* **WHAT YOU HAVE TO DO**: In the copy, include every entry exactly but none of the images.
________________
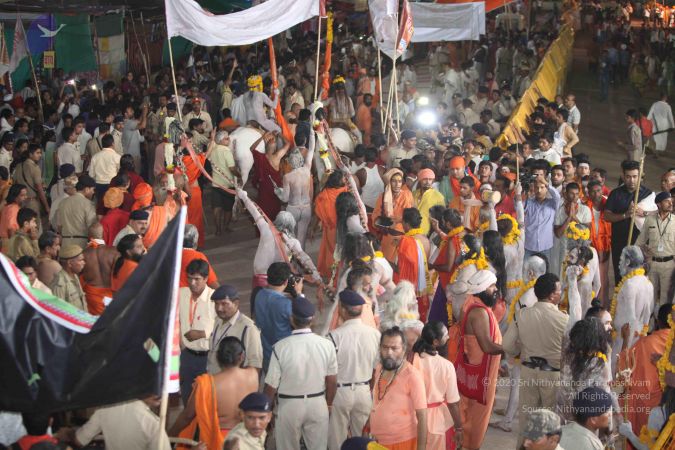 20160509 Photo 1044 1CiNvXrFkv73U4dkhv2JKtsr9tfEuZl L.JPG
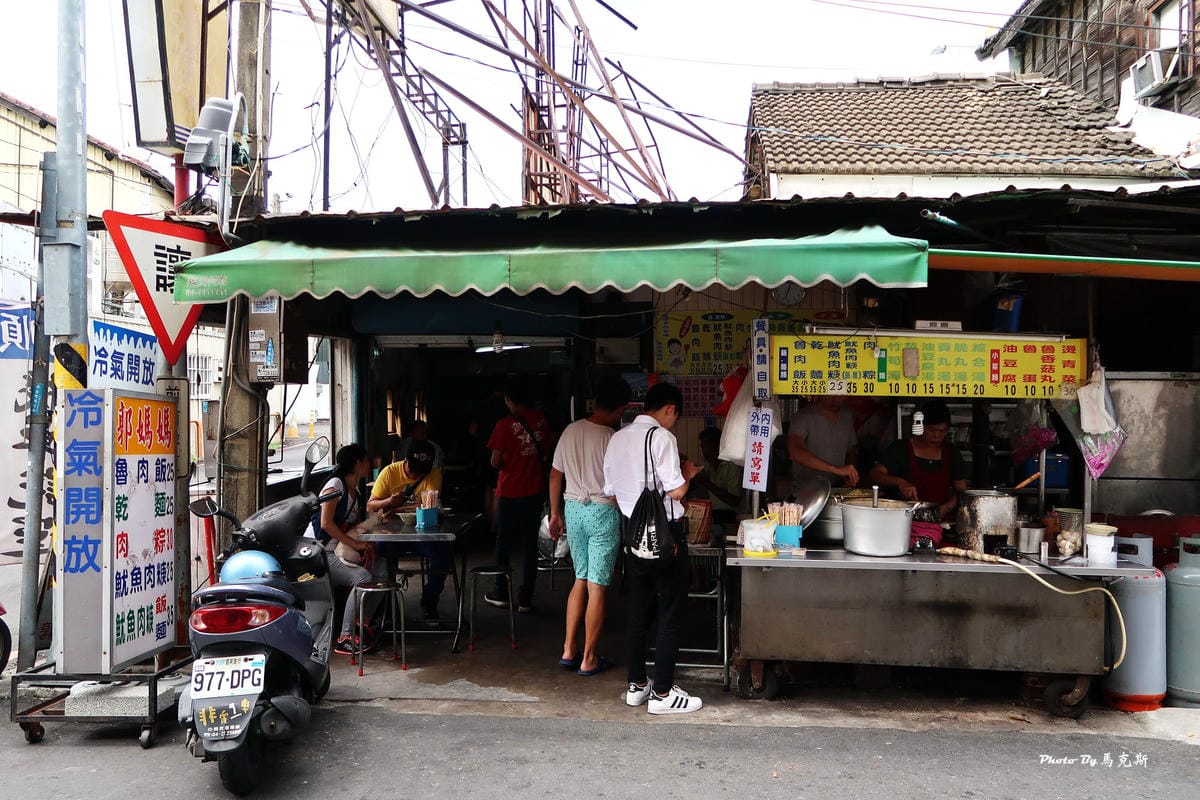 IMG_3210_調整大小 IMG_3210_調整大小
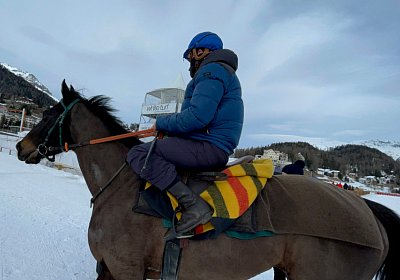 StMoritz 6feb2022 IMG 5094 Vienna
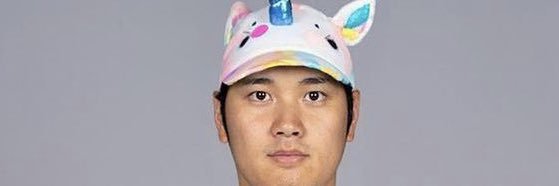 p000002's profile banner image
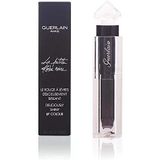 Guerlain La Petite Robe Noire Lips 007 Perfecto Ruj 1 Paket (1 X 2.8 G)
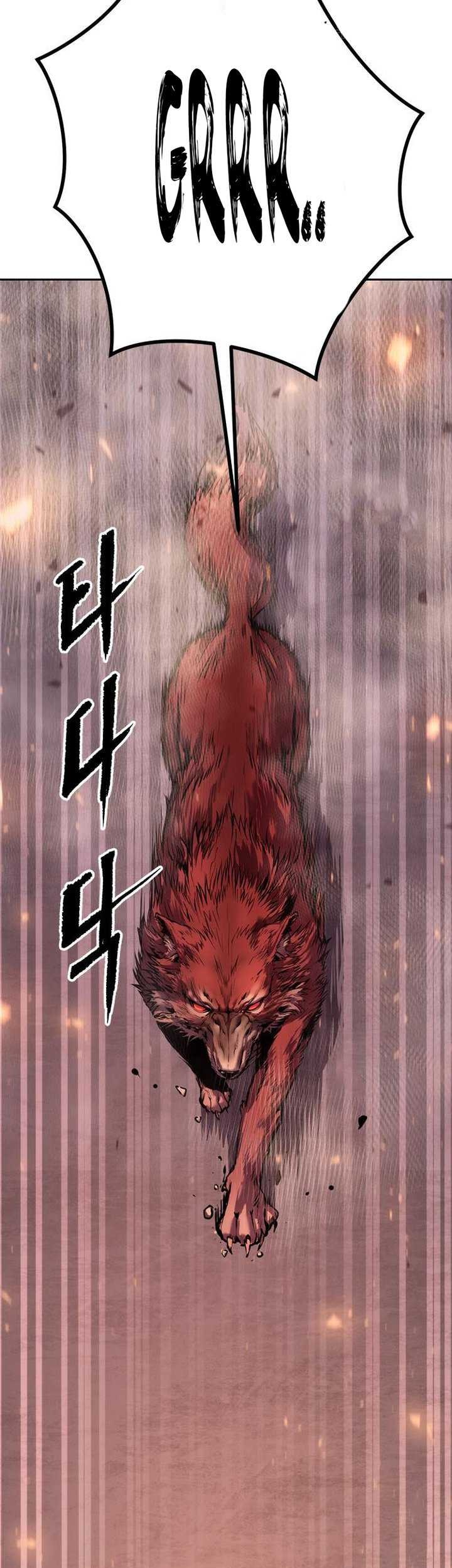 Chapter 41 - halaman 41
________________
* **OUTPUT BELOW**:
 20160509 Photo 1044 1CiNvXrFkv73U4dkhv2JKtsr9tfEuZl L.JPG
 IMG_3210_調整大小 IMG_3210_調整大小
 StMoritz 6feb2022 IMG 5094 Vienna
 p000002's profile banner image
 Guerlain La Petite Robe Noire Lips 007 Perfecto Ruj 1 Paket (1 X 2.8 G)
 Chapter 41 - halaman 41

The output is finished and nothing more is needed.